> **What you are asked to do**: Throughout the records below, find the lines with the string "Villa" and give how many there are, nothing else.

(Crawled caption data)
....

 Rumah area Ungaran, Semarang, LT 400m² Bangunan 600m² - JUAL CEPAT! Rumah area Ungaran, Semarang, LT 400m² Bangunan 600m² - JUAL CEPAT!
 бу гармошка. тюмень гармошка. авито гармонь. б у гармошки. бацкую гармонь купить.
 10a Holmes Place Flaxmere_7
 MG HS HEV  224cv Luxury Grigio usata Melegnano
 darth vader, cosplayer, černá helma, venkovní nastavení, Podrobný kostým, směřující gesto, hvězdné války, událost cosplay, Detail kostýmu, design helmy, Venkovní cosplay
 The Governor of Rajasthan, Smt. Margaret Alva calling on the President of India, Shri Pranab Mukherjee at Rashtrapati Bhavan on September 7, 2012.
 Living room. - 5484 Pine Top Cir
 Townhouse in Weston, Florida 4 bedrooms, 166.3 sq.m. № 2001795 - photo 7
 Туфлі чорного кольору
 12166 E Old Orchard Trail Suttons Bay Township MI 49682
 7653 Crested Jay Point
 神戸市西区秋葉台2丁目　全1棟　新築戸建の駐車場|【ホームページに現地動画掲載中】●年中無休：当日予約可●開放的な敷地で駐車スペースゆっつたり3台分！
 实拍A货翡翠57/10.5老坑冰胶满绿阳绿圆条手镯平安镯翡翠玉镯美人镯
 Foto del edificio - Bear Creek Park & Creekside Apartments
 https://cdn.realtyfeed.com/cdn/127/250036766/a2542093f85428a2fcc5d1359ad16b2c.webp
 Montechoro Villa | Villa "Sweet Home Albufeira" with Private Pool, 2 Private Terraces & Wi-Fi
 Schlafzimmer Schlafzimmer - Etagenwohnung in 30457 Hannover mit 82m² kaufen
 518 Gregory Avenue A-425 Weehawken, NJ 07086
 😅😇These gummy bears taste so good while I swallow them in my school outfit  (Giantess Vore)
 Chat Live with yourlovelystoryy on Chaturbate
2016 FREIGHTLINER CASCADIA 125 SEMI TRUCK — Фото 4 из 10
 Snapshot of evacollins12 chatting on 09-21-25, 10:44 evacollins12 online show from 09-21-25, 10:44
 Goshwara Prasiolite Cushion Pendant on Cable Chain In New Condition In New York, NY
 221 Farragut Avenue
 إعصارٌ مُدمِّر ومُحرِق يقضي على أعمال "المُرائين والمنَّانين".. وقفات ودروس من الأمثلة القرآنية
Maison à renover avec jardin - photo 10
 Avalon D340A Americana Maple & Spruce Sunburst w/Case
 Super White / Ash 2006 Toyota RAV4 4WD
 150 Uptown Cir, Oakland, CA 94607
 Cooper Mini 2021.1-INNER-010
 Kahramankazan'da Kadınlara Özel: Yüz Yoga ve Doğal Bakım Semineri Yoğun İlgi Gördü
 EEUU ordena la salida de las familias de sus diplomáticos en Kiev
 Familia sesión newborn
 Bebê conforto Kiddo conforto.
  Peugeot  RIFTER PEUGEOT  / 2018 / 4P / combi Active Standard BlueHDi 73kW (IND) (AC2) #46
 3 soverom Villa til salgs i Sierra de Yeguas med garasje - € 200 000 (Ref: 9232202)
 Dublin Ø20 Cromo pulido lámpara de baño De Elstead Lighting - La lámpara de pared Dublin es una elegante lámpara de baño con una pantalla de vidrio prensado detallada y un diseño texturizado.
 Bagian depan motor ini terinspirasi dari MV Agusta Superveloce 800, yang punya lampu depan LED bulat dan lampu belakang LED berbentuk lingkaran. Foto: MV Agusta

....

> **Task response**: 2